Prior to serving as the chancellor from 1987 to 1994, Uehling was chancellor of the University of Missouri, Columbia and worked at various universities around the country, including Roger Williams College, Illinois State University and the University of Oklahoma, according to a campus memo sent out by Chancellor Henry T. Yang on Jan. 7.
“As UC Santa Barbara’s fourth Chancellor, she provided steady and able leadership at a time of both economic challenges and rapid growth,” Yang said in the memo. “She emphasized diversity and academic excellence, and is credited with the development of the campus’s first 15-year Long Range Development Plan.”
The campus flag was lowered to half-staff on Jan. 8 to honor her memory, Yang said.
Uehling was the first female chancellor in the entire UC system. Steven Elzer ‘88, who was the news editor of the Daily Nexus when Uehling was inaugurated, recounted the excitement that came along with her inauguration, but also the turmoil that encompassed the campus at that time.
“We were very excited about [the first female chancellor]. She was an extraordinary leader,” Elzer said. “There was a lot of politics on the campus at that time. There were a lot of different factions that were divisive. It was a very raucous time in the history of the campus for sure. And she did everything she could to try to unify the deep divides that were rumbling over campus.”
According to a previous Nexus article from 1986, Uehling’s predecessor — Chancellor Robert Huttenback — resigned following misuse of state funds to improve his home, including a hefty $104,000 renovation to his kitchen.
According to Laurence Iannaccone, the chair of the Academic Senate in 1994, she was instrumental in the construction of many buildings on campus.
“She came to a campus that was building poor and program rich. A significant building program has been one of her major contributions to UCSB,” Iannaccone wrote when Uehling announced her retirement, according to the memo sent out by Yang.

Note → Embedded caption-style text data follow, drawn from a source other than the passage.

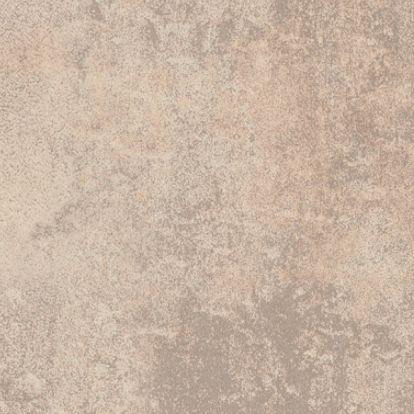 Blat bucatarie Kastamonu ossido F015 PS52, 4100 x 600 x 38 mm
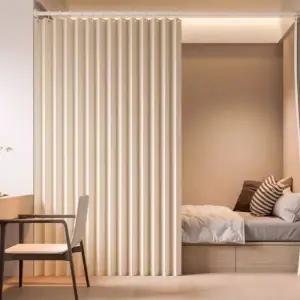 방나누기 거실칸막이 무타공 학원 거실주방분리 방파티션 파티션 실내 가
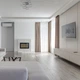 Настенное крепление для телевизора Brateck LPA51-223 23"-43" - изображение 14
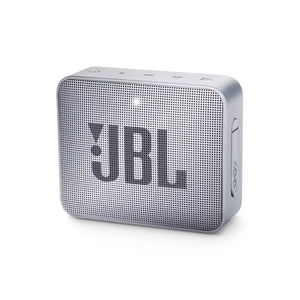 JBL GO 2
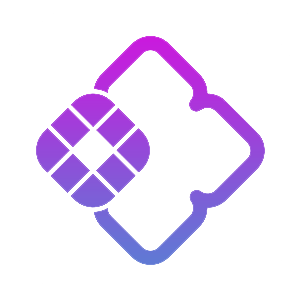 MetaCourt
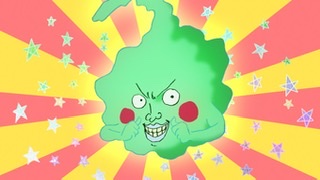 画像のアニメを当てるトピ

“While we are still short of adequate space, Chancellor Uehling will leave behind a solid plan for our long-term physical development — a plan that will carry the campus into the 21st Century. Another noteworthy mark of the Uehling era here at UCSB is the expansion of the School of Engineering.”
Uehling also managed to restore trust in the Office of the Chancellor, following a tumultuous time of corruption during Huttenback’s term, Elzer said.
“She put a lot of herself and a lot of effort into rebuilding the campus’ image and the stolen integrity in the Office of the Chancellor in a time that needed that,” Elzer added.
“She had the best interest of the campus at heart and understood her unique role at the time in the history of the campus and then doing everything she could to do it right.”
Correction [Jan. 10, 2:13 p.m.]: A previous version of this article incorrectly attributed a quote to Chancellor Henry T. Yang, instead of Laurence Iannaccone. This article has been updated to reflect the correct information.
A version of this article appeared on pg. 5 of the January 9 edition of the Daily Nexus.